Rocker muss elf Jahre ins Gefängnis

Stand: 30.08.2010, 16:07 Uhr

Das Duisburger Landgericht hat am Montag (30.08.2010) ein Mitglied des Motorradclubs "Hells Angels" wegen Totschlags zu elf Jahren Gefängnis verurteilt. Der 31-jährige Angeklagte hatte voriges Jahr ein Mitglied des rivalisierenden Clubs "Bandidos" erschossen.

Der 31-jährige Angeklagte Timur A. hatte am 8. Oktober 2009 den "Bandido" mit dem Spitznamen "Eschli" mit einem Kopfschuss getötet.

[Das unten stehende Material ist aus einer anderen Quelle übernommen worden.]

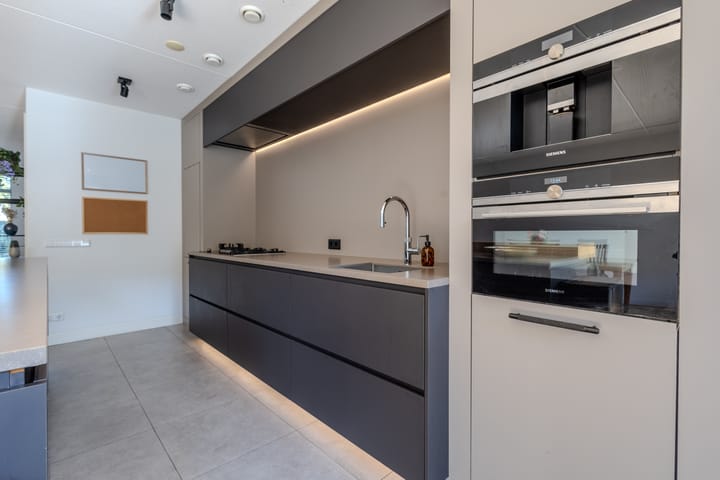 Foto 13 van Bernard Leenestraat 15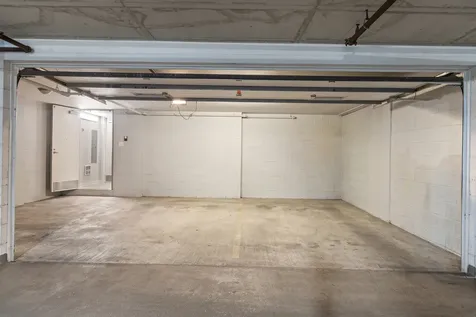 194 North Park Drive Chicago IL 60601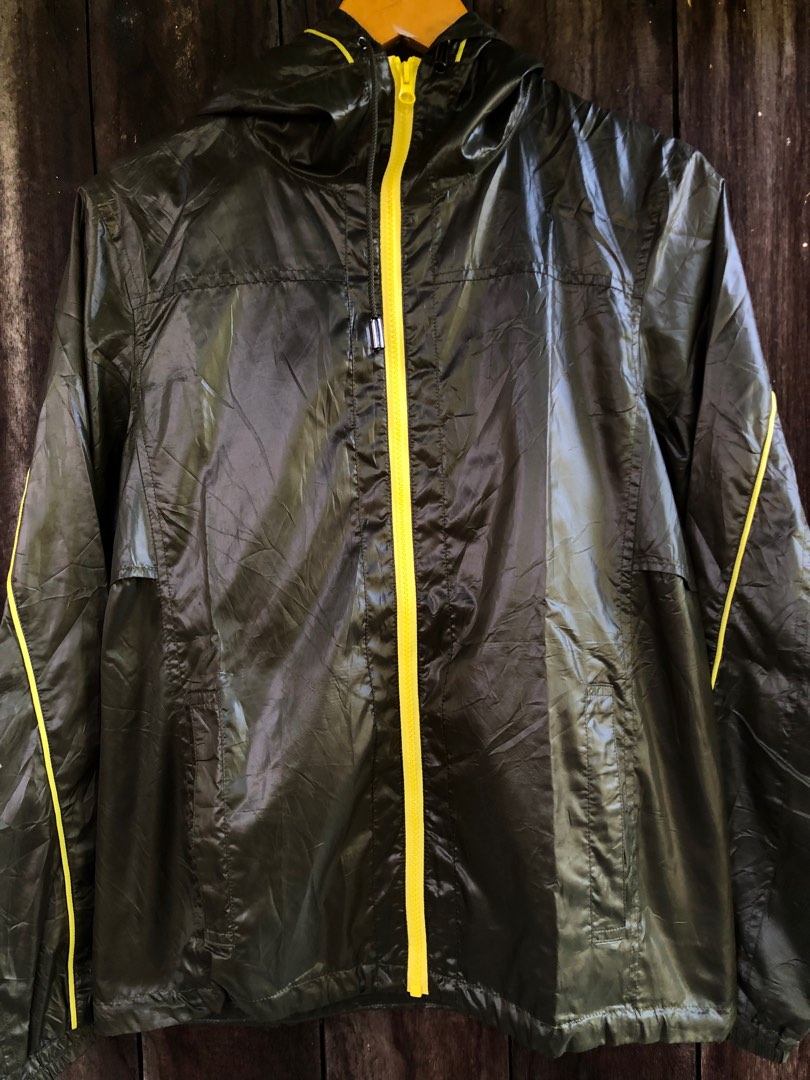 Uniqlo jaket pria top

Der Angeklagte hatte vor dem Clubheim "Fat Mexican" der rivalisierenden Gruppe "Bandidos" im Duisburger Rotlichtmilieu aus einem fahrenden Auto heraus auf das Opfer geschossen. Ursprünglich war der 31-Jährige wegen Mordes angeklagt worden. In ihrem Plädoyer hatte die Staatsanwaltschaft jedoch 13 Jahre Haft wegen Totschlags gefordert.

Hintergrund der Tat war laut Polizeiangaben der Streit um eine Frau. Sie hatte die Beziehung zu dem Angeklagten beendet, um mit dem späteren Opfer zusammen zu sein. Timur A. soll sich am Abend der Trennung vor dem Klubhaus in Duisburg für den Verlust seiner Freundin an "Eschli" gerächt haben. Außerdem soll er zwei weitere Schüsse auf zwei unbeteiligte Frauen abgegeben haben. Sie blieben aber unverletzt.

Richter: Angeklagter wollte "Gesicht nicht verlieren"

"Wir sind davon überzeugt, dass keine Notwehr-Situation vorgelegen hat", sagte der Vorsitzende Richter Joachim Schwartz in der Urteilsbegründung. Der 31-Jährige habe vielmehr mit dem festen Willen gehandelt, den anderen Rocker zu töten. "Das war das individuelle Finale eines Konfliktes zweier Motorrad-Clubs", sagte der Richter weiter. Beide - Täter und Opfer - hätten die Eskalation förmlich hinaufbeschworen, weil sie "ihr Gesicht nicht verlieren wollten". So habe der Angeklagte zum Beispiel die Gelegenheit verstreichen lassen, einfach loszufahren, als die Ampel wieder auf "Grün" stand.

Kein Beweis für Heimtücke

Aus Sicht der Verteidigung hatte der Timur A. aus Notwehr gehandelt. Der Angeklagte äußerte sich vor dem Schwurgericht in einer schriftlichen Erklärung, die sein Anwalt verlas. Er sei von dem späteren Opfer gezielt provoziert worden. Der Getötete habe in seinen Hosenbund gegriffen. Er sei davon ausgegangen, dass der Mann bewaffnet sei. Weil er sich bedroht gefühlt habe, habe er seine Pistole gezogen und ohne nachzudenken abgedrückt. Außerdem soll das Opfer "Eschli" ein Kopfgeld auf den Angeklagten ausgesetzt haben. Der Vorwurf der Anklage, dass die Tat hinterrücks und unerwartet passierte, geriet während der Beweisaufnahme an den 17 Verhandlungstage ins Wanken. "Es war schnell klar, dass sich das Opfer aufgebaut hatte und den Angeklagten mit den Worten 'Schieß doch' herausgefordert hat. In so einem Fall kann man dann nicht davon ausgehen, dass es Heimtücke war", sagte der Sprecher des Landgerichts Duisburg, Stefan Ulrich.

Bei der Festlegung des Strafmaßes spielte dem Gericht zufolge die "ganz besondere Aggressivität" des Angeklagten eine Rolle. Der Mann war bereits drei Mal wegen zum Teil schwerer Körperverletzung vorbestraft und hatte in einem Fall deshalb eine Bewährungsstrafe erhalten. Diese habe aber offenbar nicht zur "Stabilisierung" des Mannes beigetragen.

Angst vor Krieg der Rocker

Der Prozess hatte Polizei und Justiz in höchste Alarmbereitschaft versetzt. Zum Prozessauftakt saßen in den ersten Reihen des Schwurgerichtssaals dicht gedrängt Motorrad-Rocker der "Hells Angels" und der "Bandidos". Die beiden Rivalen wurden streng aufgeteilt auf die linken und rechten Sitzreihen, dazwischen hatten sich 26 Polizisten mit Schlagstöcken aufgestellt. Nach dem Tod des "Bandidos"-Mitglieds war es zu Auseinandersetzungen zwischen den verfeindeten Rockergruppen gekommen. Die Polizei in NRW hatte daraufhin den Druck auf die Rockerszene verstärkt und bei mehreren Aktionen unter anderem Waffenlager ausgehoben.